**Aim of the task**
Every line of the data below is to be duplicated exactly, pictures excepted.

**Data excerpt**
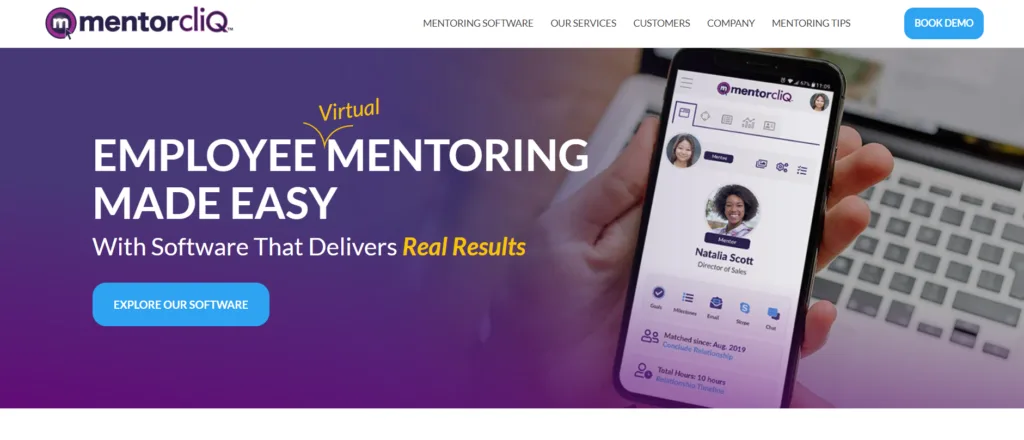 Top 10 Peer Networking Platform for Employee Connection and Growth 12 Mentorcliq 5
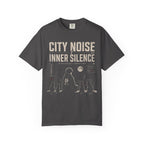 City noise and inner silence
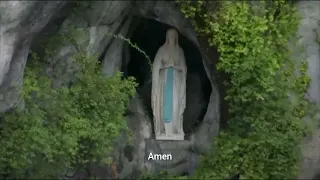 Sannto Rosario. Virgen de Lourdes. Sábado 18 de Mayo de 2024.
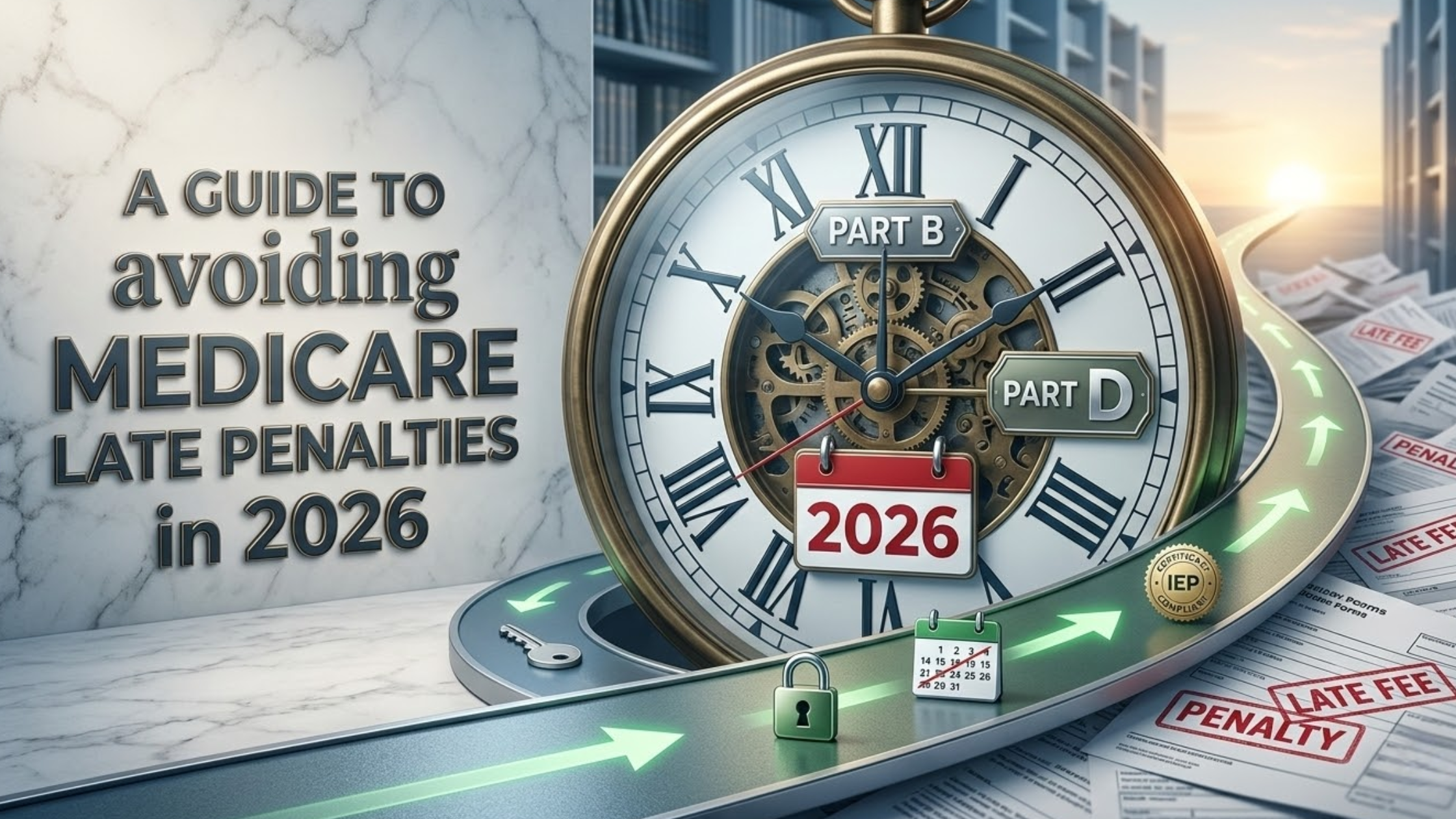 Avoiding Medicare Late Enrollment Penalties in 2026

**Worked solution**
 Top 10 Peer Networking Platform for Employee Connection and Growth 12 Mentorcliq 5
 City noise and inner silence
 Sannto Rosario. Virgen de Lourdes. Sábado 18 de Mayo de 2024.
 Avoiding Medicare Late Enrollment Penalties in 2026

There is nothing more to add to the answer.